Debenhams shares were suspended from trading on Tuesday morning, pending a further update later in the day.
The new offer was dismissed by Debenhams as "highly conditional" and was rejected in part because Mr Ashley wanted to take over as chief executive.
Debenhams is now widely expected to fall into administration with the retailer's lenders seizing control.
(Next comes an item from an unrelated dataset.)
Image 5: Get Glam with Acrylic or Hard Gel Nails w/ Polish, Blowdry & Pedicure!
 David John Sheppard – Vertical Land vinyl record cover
That is likely to mean store closures and job cuts while shareholders including Sports Direct will see the value of their stakes wiped out.
.The pre-pack administration undertaken by the struggling department store chain will see its debt reduced and comes ahead of a wider restructuring which will see around 50 stores close via a Company Voluntary Arrangement.
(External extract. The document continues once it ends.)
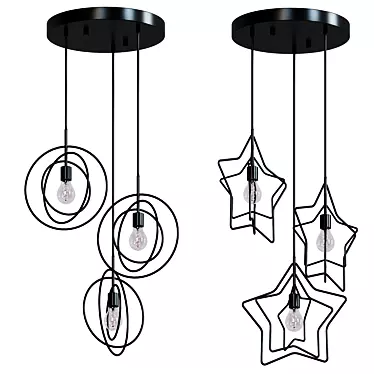 Luxury Starry Sky Chandelier 3D model image 1 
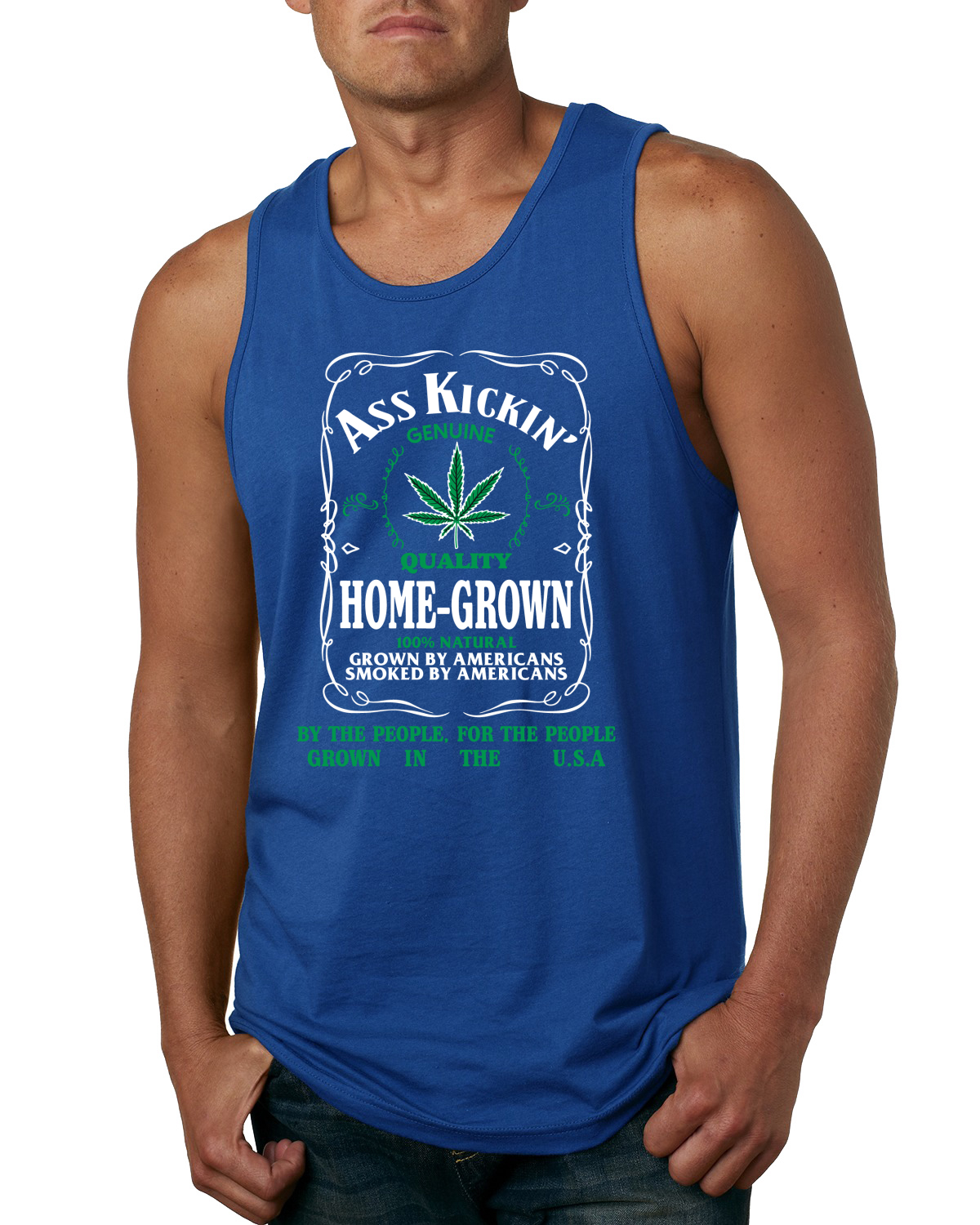 Ass Kickin"" hausgemachtes Originalqualität Unkraut Herren Tank Top - Bild 7 von 8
It will also see a £200 million refinancing plan, announced in March, go ahead.
Mr Ashley's attempts to take control of Debenhams had become increasingly desperate, and over the weekend the businessman demanded the board be investigated, two members to undergo lie detector tests and trading in its shares to be suspended.
Laith Khalaf, senior analyst at Hargreaves Lansdown said the struggle between Mr Ashley and Debenhams' lenders for control was now almost over, with the banks likely to emerge victorious.
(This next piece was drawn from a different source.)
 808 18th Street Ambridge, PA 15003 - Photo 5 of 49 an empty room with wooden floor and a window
"Clearly the Debenhams board has a number of stakeholders to consider and has to make balanced judgements about their interests, including those of its staff.
"But this latest swift rebuttal suggests that Debenhams simply isn’t interested in what Sports Direct has to offer.
"Mike Ashley’s tactics haven’t exactly been conducive to a convivial negotiation between Sports Direct and Debenhams, but nonetheless the business proposition should be judged on its own merits.
"It looks like Mike Ashley has one final card to play, and that’s making a firm takeover offer for Debenhams. Even that seems unlikely to shift the retailer from the course it’s currently on, as it sounds like the department store is preparing to enter administration imminently.